VoiceXML Over HTTP
Communication between the VXML Server and Voice browser is based on request-response cycles using VoiceXML over HTTP. VoiceXML documents are linked together by using the Uniform Resource Identifiers (URI), which is a standardized technology to reference resources within a network. User input is carried out by web forms similar to HTML. Forms contain input fields that the user edited and sent back to a server.
Resources for the Voice browser are located on the VXML Server. These resources are VoiceXML files, digital audio, instructions for speech recognition (Grammars), and scripts. Every communication process between the VoiceXML browser and Voice application has to be initiated by the VoiceXML browser as a request to the VXML Server. For this purpose, VoiceXML files contain grammars that specify expected words and phrases. A link contains the URL that refers to the Voice application. The browser connects to that URL as soon as it recovers a match between spoken input and one of the grammars.
Note |
From Unified CVP Release 9.0(1) and later release the CVP installer installs CVP Call Server, CVP VXML Server and Media Server together. On installing CVP installer, you can configure only Call Server, VXML Server, Media Server or any other combination as required. |
When determining the VXML Server performance, consider the following key aspects:
-
QoS and network bandwidth between the Web application server and the voice gateway
For details, see Network Infrastructure Considerations.
-
Performance on the VXML Server
For details, see the Hardware and System Software Specification for Cisco Unified Customer Voice Portal at http://www.cisco.com/en/US/products/sw/custcosw/ps1006/prod_technical_reference_list.html.
-
Use of prerecorded audio versus Text-to-Speech (TTS)
Voice user-interface applications tend to use prerecorded audio files wherever possible. Recorded audio sounds better than TTS. Prerecorded audio file quality must be designed so that it does not impact download time and browser interpretation. Make recordings in 8-bit mu-law 8 kHz format.
-
Audio file caching
Ensure that the voice gateway is set to cache audio content to prevent delays from downloading files from the media source. For details about prompt management on supported gateways, see Cisco IOS Caching and Streaming.
-
Use of Grammars
A voice application, such as any user-centric application, is prone to certain problems that might be discovered only through formal usability testing or observation of the application in use.

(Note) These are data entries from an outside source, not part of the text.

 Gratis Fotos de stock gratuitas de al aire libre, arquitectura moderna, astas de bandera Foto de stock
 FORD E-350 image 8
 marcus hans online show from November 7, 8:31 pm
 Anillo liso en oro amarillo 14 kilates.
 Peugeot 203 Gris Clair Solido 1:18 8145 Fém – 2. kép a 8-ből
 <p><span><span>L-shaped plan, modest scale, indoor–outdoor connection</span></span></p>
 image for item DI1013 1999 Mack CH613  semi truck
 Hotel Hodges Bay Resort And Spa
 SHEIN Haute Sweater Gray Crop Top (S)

Poor speech recognition accuracy is one type of problem common to voice applications, and a problem most often caused by poor grammar implementation. When users mispronounce words or say things that the grammar designer does not expect, the recognizer cannot match their input against the grammar. Poorly designed grammars containing many difficult-to-distinguish entries also result in many incorrectly recognized inputs, leading to decreased performance on the VXML Server. Grammar tuning is the process of improving recognition accuracy by modifying a grammar based on an analysis of its performance.